The hanging gardens as imagined in Lego by ‘Brickman’, Ryan McNaught (‘Let’s go build’ exhibition, Te Papa, Wellington, Dec. 2017. Photo by T. Schaefer.)

This is just a short note to correct that blunder. (I’ve also annotated the older post with some corrections, leaving my blunders present but stricken out.)

Greco-Roman sources

First, here are the extant sources that state that the hanging gardens counted among the ‘seven wonders’:
  • Megasthenes (C. 4-3 BCE) or Abydenus (C. 2 CE). Megasthenes’ Indica book 4, reported by Abydenus’ History of the Chaldaeans, reported in turn by Eusebius in the Armenian text of the Chronika. Translations: p. 19.13-17 Karst; p. 39 Petermann; pp. 55-6 Aucher Ancyranus. Citation of Megasthenes at p. 41 ed. Petermann (mistranslated in Karst).
  • Antipater of Sidon (C. 2 BCE), Greek anthology 9.58.
  • Strabo (C. 2 CE), Geography 16.1.5.
  • Greek anthology 8.177 (date unknown).
  • Philon (C. 4-5 CE), On the seven wonders.
Abydenus-Eusebius and Strabo don’t give complete lists of seven wonders, but they do count the hanging gardens among the seven.

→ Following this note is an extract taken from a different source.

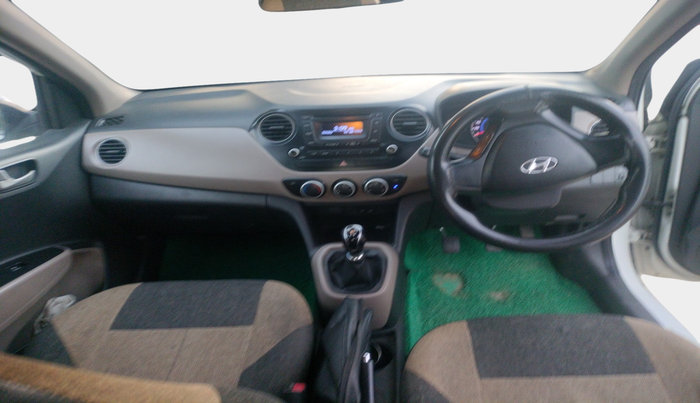 2014 Hyundai Grand i10 SPORTZ 1.1 CRDI, Diesel, Manual, 1,12,345 km, interior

Antipater, Gk. anth. 8.177, and Philon don’t specify locations for the gardens, but Megasthenes(-Abydenus-Eusebius) and Strabo do. They tell us the gardens were in Babylon. So do three other sources. Here’s a complete list of sources that report a location for the hanging gardens:
  • Berossus of Babylon (C. 4 BCE), Chaldaean histories book 3, reported in Josephus Against Apion 140-141 and Jewish antiquities 10.225-227Babylon.
  • Megasthenes (C. 4-3 BCE), Indica book 4, reported in Josephus (C. 1 CE), Jewish antiquities 10.225-227 (= FGrHist 715 F 1a); and with Abydenus (C. 2 CE) as an intermediary source, in the Armenian texts of Eusebius’ Praeparatio Evangelica 9.41 (= FGrHist 715 F 1b) and the Chronica, p. 19.13-17 Karst = p. 39 Petermann = pp. 55-6 Aucher Ancyranus (citation of Megasthenes at p. 41 ed. Petermann) — Babylon.
  • Diodorus of Sicily (C. 1 BCE) 2.10.1-6Babylon.
  • Pliny the Elder (C. 1 CE), Natural history 36.94Thebes (i.e. Luxor), Egypt. (Possibly also reflected in Gregory of Nazianzus (C. 4 CE), Oration 34.63, who lists six remarkable places and buildings including ‘Egyptian Thebes’.)
  • Quintus Curtius Rufus (C. 1 CE?), History of Alexander 5.1.31-35Babylon.
  • Strabo (C. 2 CE), Geography 16.1.5Babylon.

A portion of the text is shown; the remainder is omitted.